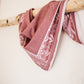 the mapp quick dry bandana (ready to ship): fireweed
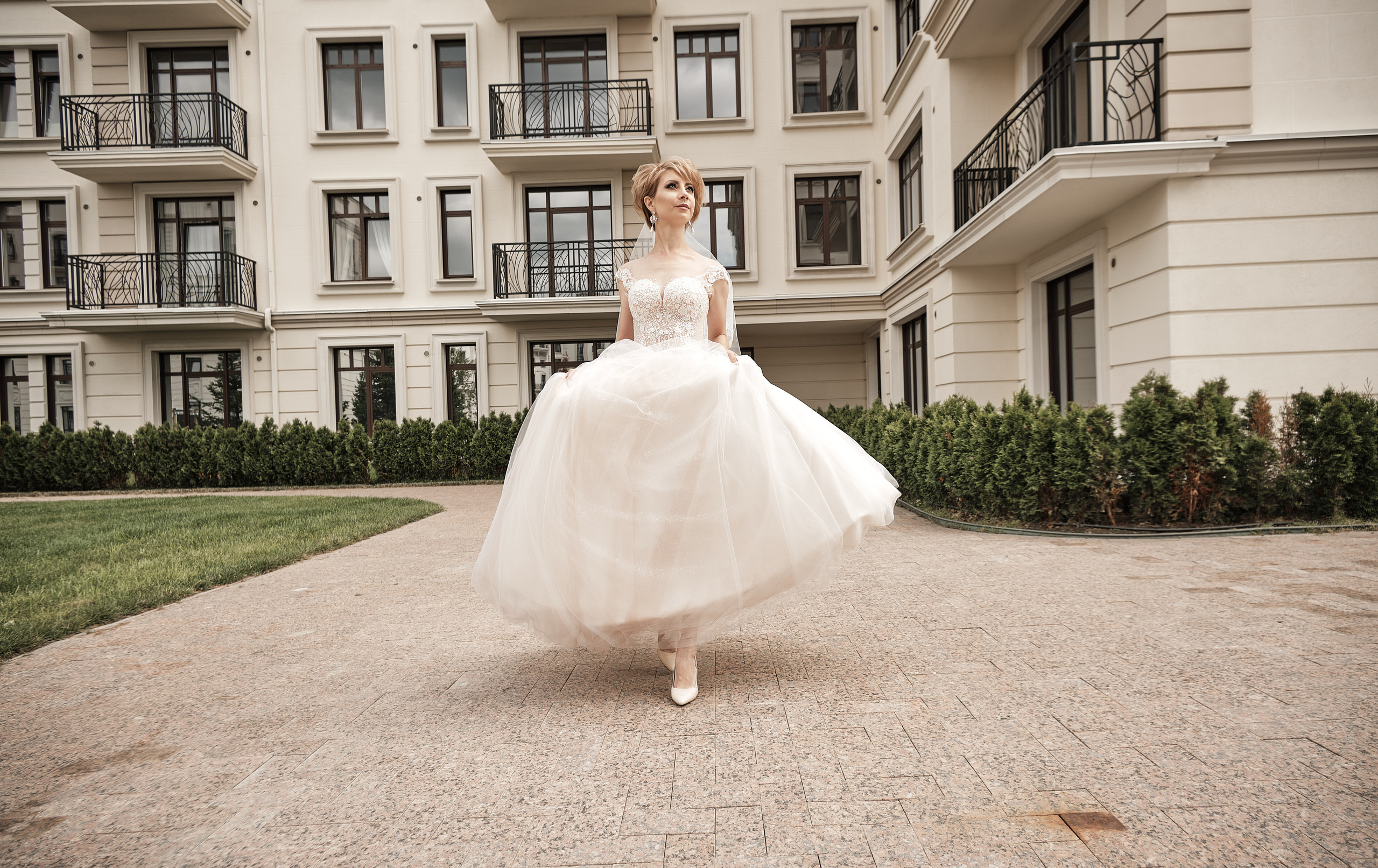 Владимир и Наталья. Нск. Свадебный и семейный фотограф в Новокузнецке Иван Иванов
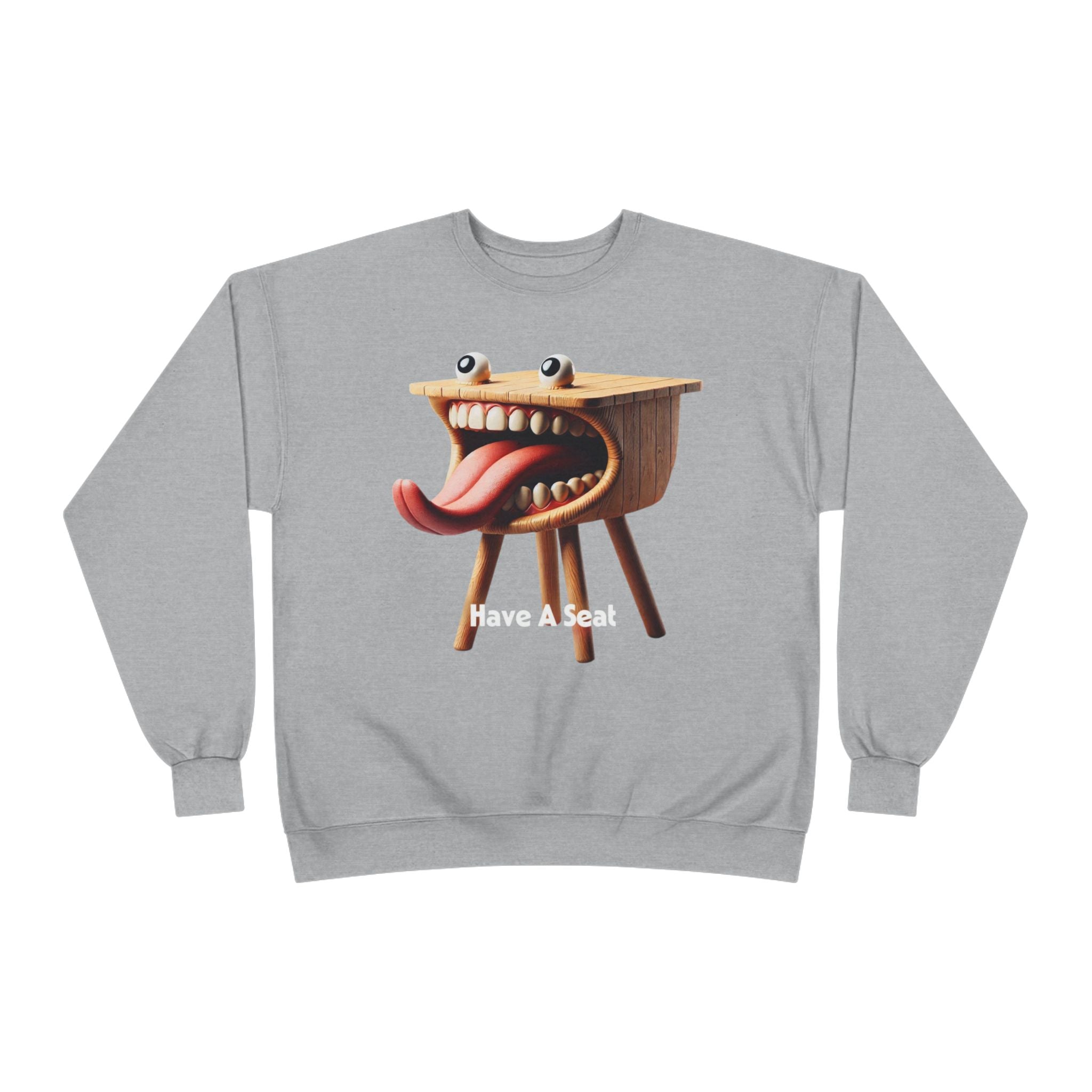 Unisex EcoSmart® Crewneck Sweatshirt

#### Problem description:
The answer must be an exact copy of the lines from the one with "Владимир и Наталья." through the final line above, both ends included, and nothing else; pictures stay out.

#### Reply:
 Владимир и Наталья. Нск. Свадебный и семейный фотограф в Новокузнецке Иван Иванов
 Unisex EcoSmart® Crewneck Sweatshirt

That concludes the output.